Eventually, after many years of friendship and even getting to know Morris’ family, Sokolov began to open up about the emotional burden of his experience in the Holocaust. Morris wrote his story as a screenplay, which Sokolov read several drafts of before he died in 2006.
The screenplay got sold, but it never got made. A few years ago, with the rights returned back to her, Morris’ sister-in-law asked her why she didn’t just write it as a novel. So Morris decided to adapt it herself, since nobody else seemed to be interested in telling Sokolov’s story.
The result, The Tattooist of Auschwitz, sold four million copies worldwide. Once she realized people were interested in Sokolov’s story, Morris knew what she had to do next.
“Very early on in my time with Lale, he said to me, ‘Have I told you about Cilka yet?’ ” Morris recalled. “And he said, ‘She saved my life. She was the bravest person I ever met.’ And he would wag his finger at me, ‘Not the bravest girl, the bravest person.’ He and I were only sitting there talking because she saved his life.”
“ ‘When you finish writing my story, you write Cilka’s, because the world needs to know about her,’ ” Sokolov told her. So Morris wrote Cilka’s Journey.

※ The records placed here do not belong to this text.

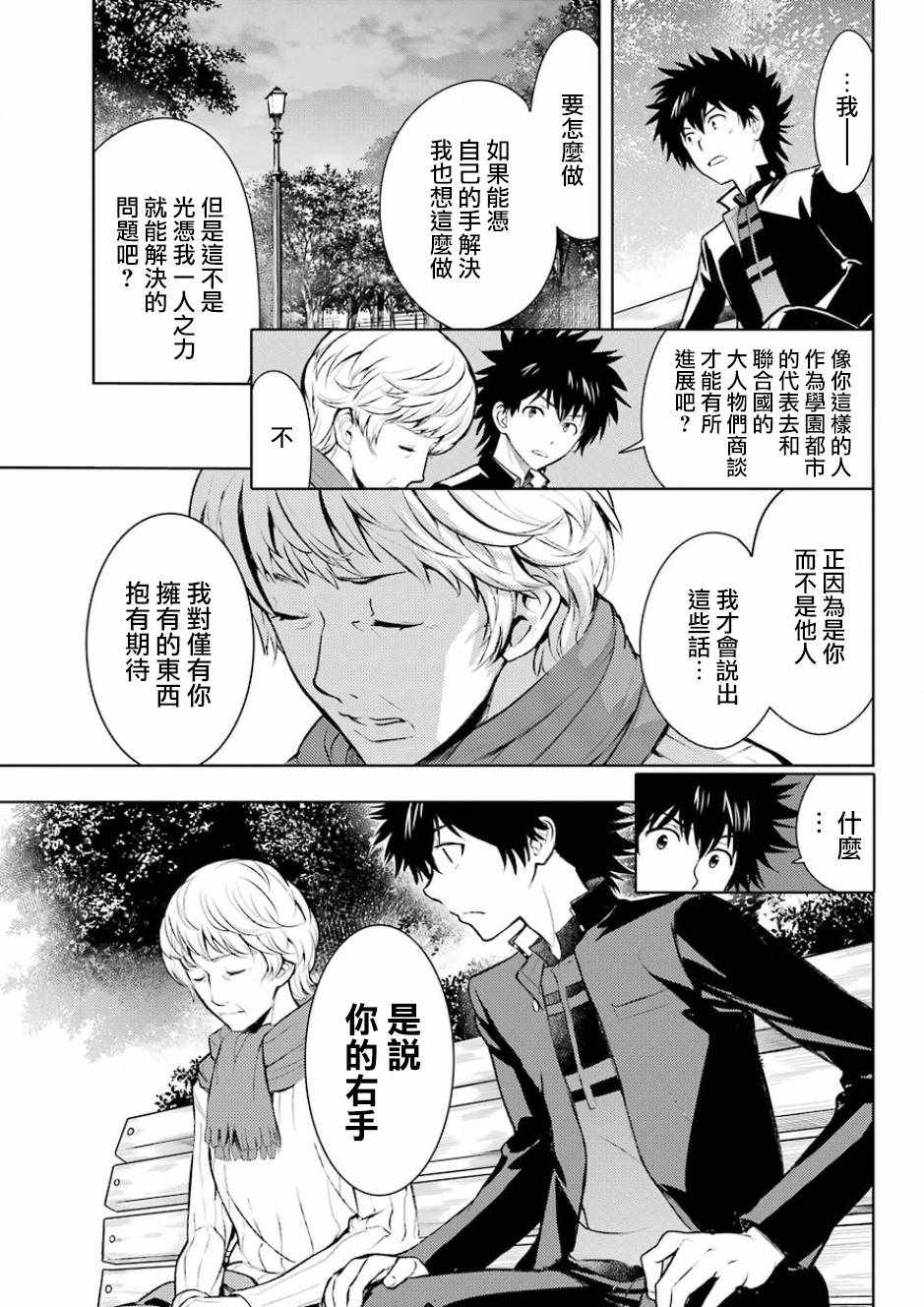 《魔法禁书目录》漫画最新章节第124话免费下拉式在线观看章节第【9】张图片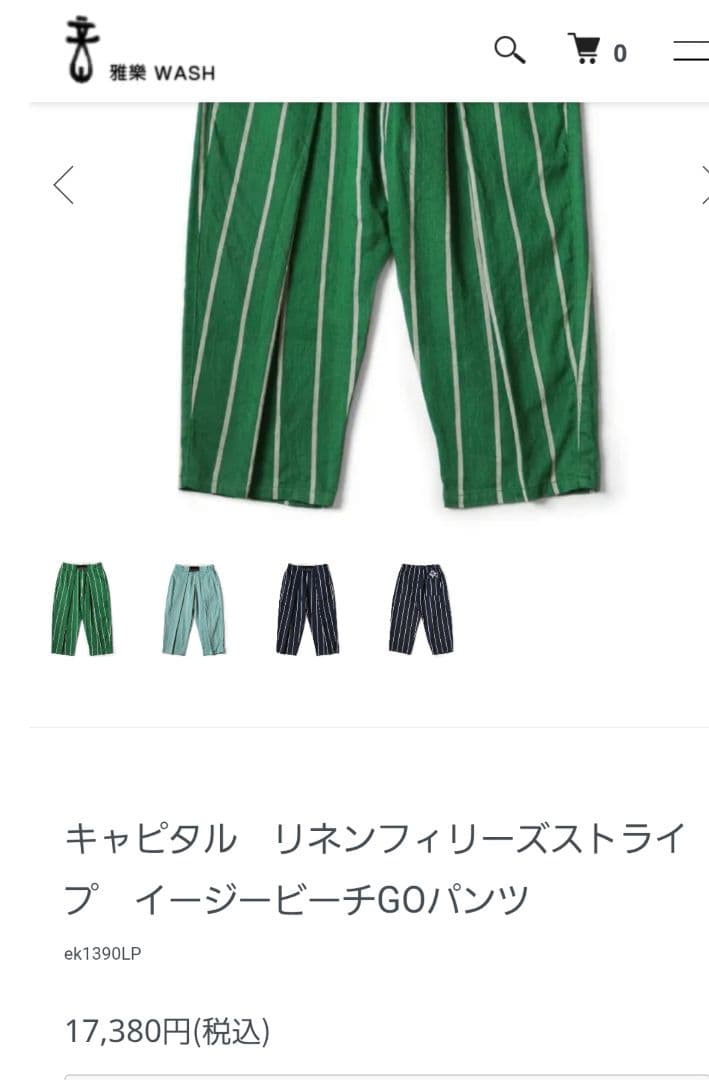 キャピタルパンツ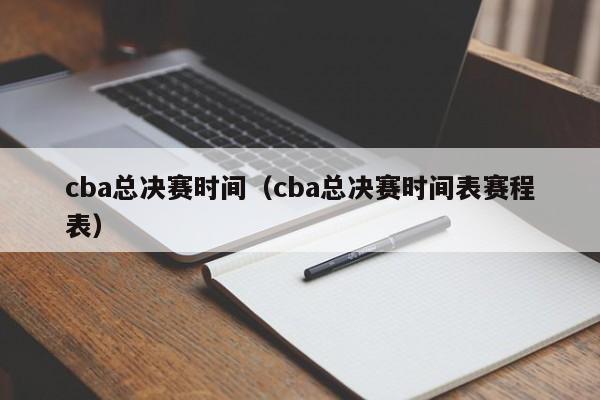 cba总决赛时间（cba总决赛时间表赛程表）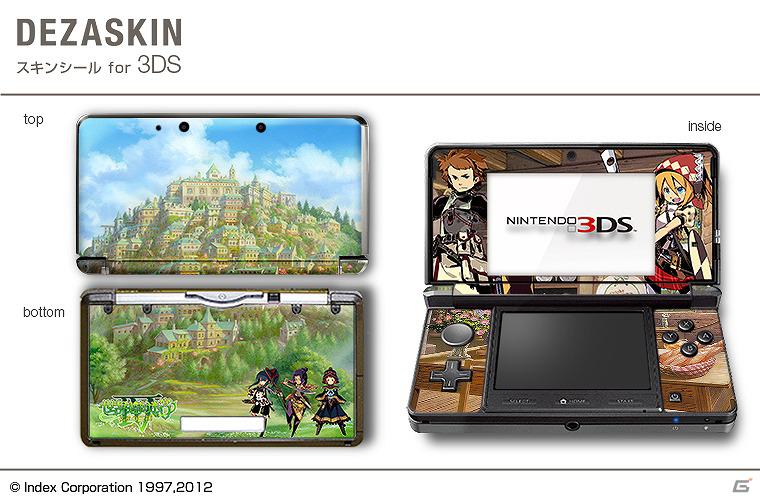 3DS用スキンシール「デザスキン」とiPhone 4/4S用ケース＋液晶保護シートセット「デザジャケット」に3DS「世界樹の迷宮IV 伝承の巨神」が登場の画像3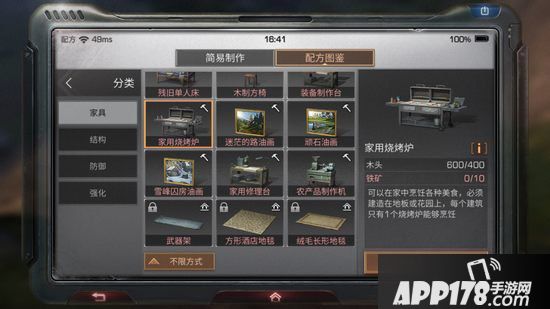明日之后家用烧烤炉制作配方<a href=http://www.app178.com/gonglue/ target=_blank class=infotextkey>攻略</a>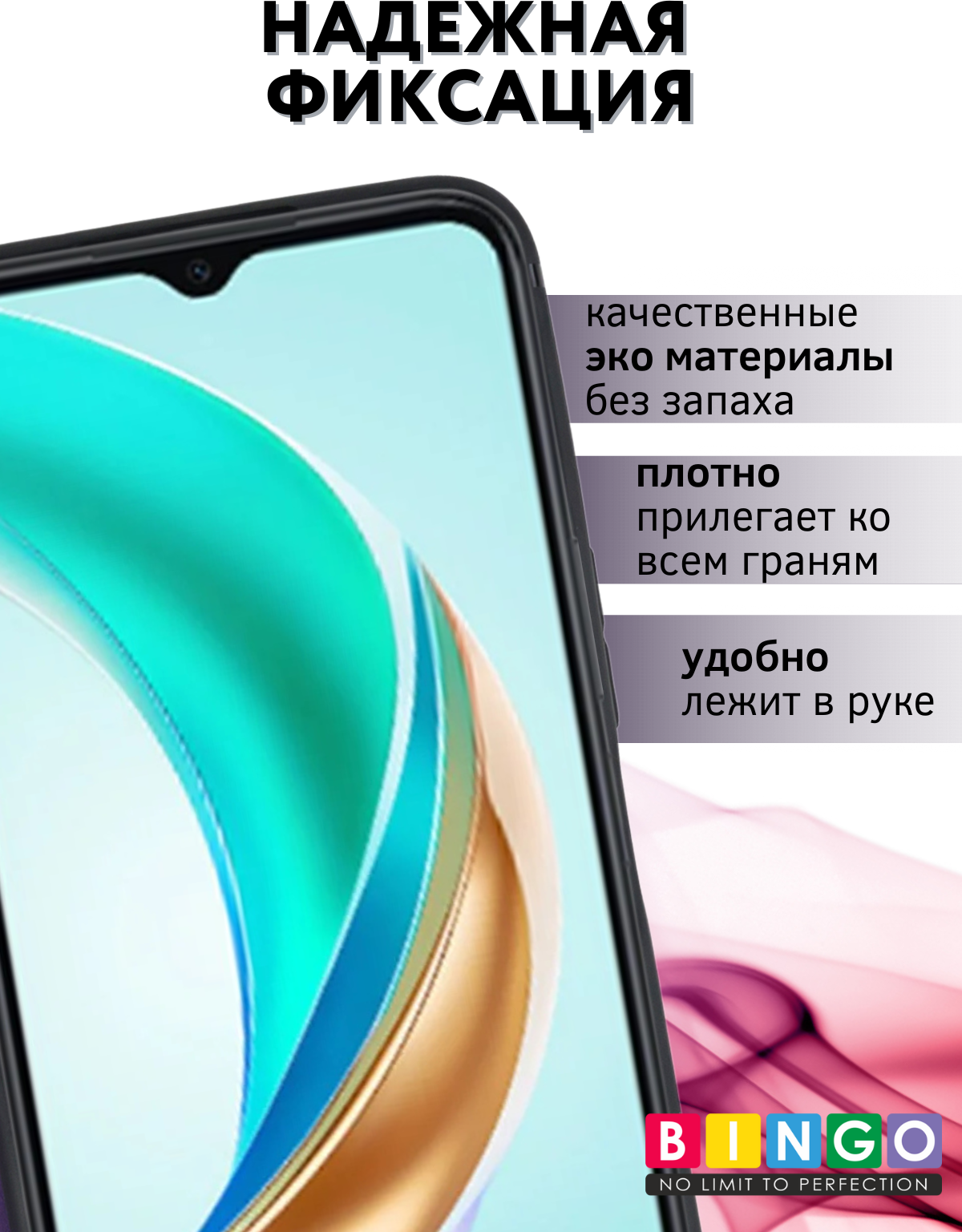Чехол-книжка Bingo Smart для Honor X5b/X5b Plus (фиолетовый) — фото 3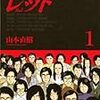 『レッド』1・2巻／山本直樹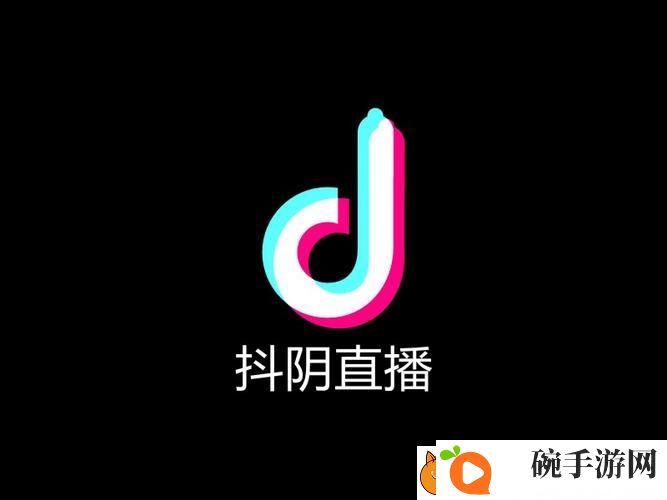 抖阴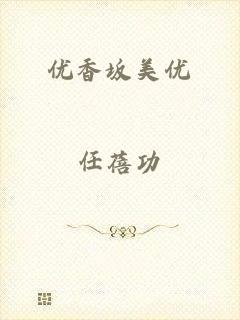 优香坂美优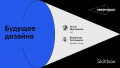 Будущее дизайна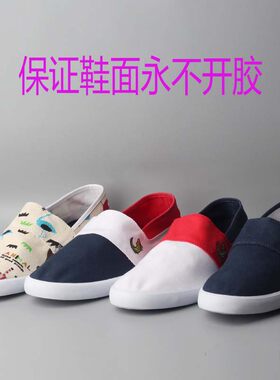 鳄鱼夏季帆布圆头情侣款板鞋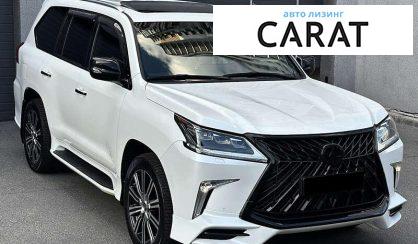 Lexus LX 2019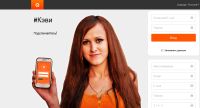 «Импортозаместительный» аналог Twitter сделал барнаульца антигероем соцсетей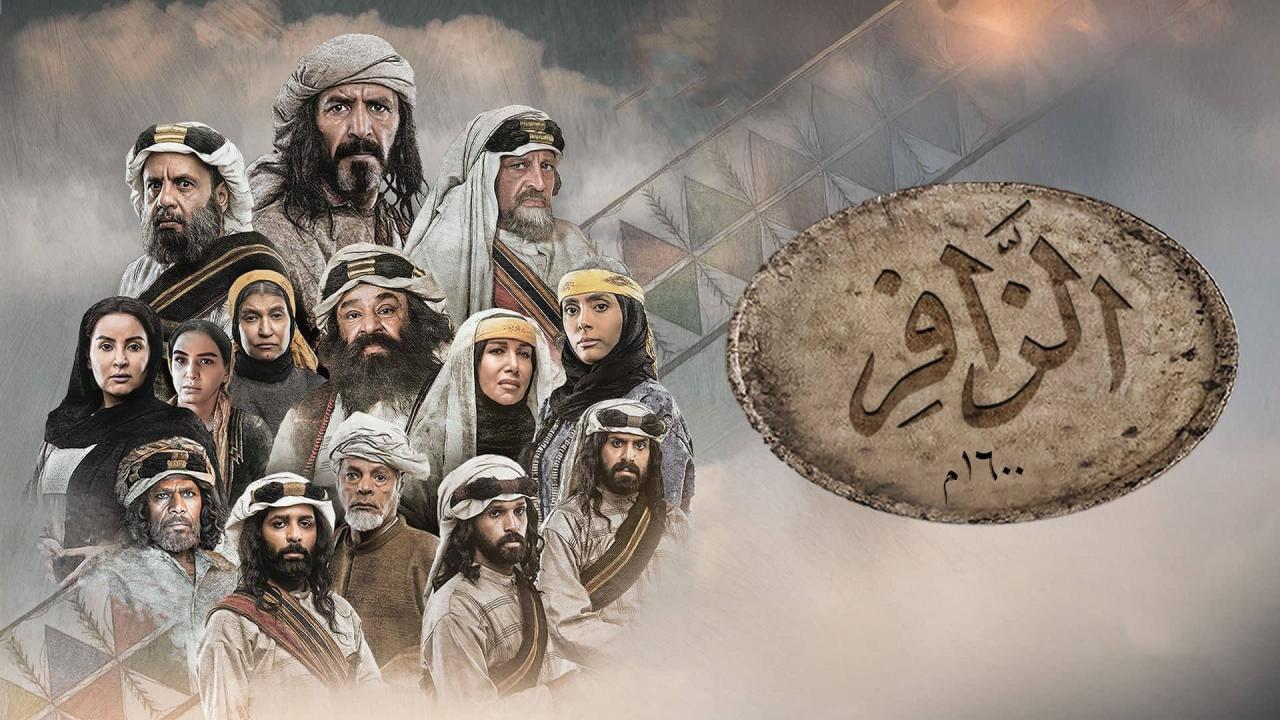 مسلسل الزافر الحلقة 1 الاولي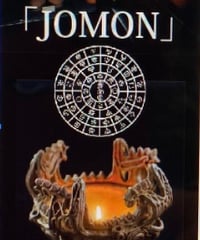 縄文「JOMON」のタテ旗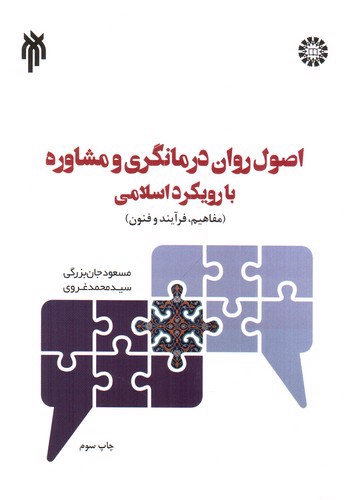 تصویر کتاب اصول روان درمانگری و مشاوره با رویکرد اسلامی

Sokolov encountered Cilka Klein when the two were prisoners at Auschwitz-Birkenau. Klein held a privileged position in the camp, which she used to protect Sokolov when he angered some Nazis. But Klein didn’t ask to hold that position.
“The commandant there took a fancy to her. There is no nice way to say that she was raped and a sex slave for over two years,” Morris said.
When the camp was liberated by the Soviets, Klein was charged as a collaborator for sleeping with the enemy and sentenced to a gulag in Siberia, where she was imprisoned for 10 years.
Morris couldn’t speak to Klein directly, as she had died in 2004. But she did speak with Holocaust survivors who knew her, as well as people who lived in her town. Morris also hired a professional researcher to provide her details of what life would have been like for Klein in the gulag.
Morris said it was important for her to share Klein’s story to honour her and all the girls and women who were victims of similar atrocities.
“Her story represents hundreds of thousands of women and girls who have been abused in this manner and continue to be abused. We consider girls and women to be spoils of war. And we just take that phrase as if, ‘OK, well, that’s all right. They’re spoils of war. They’re comfort women.’ No, they’re not. They’re rape victims,” said Morris.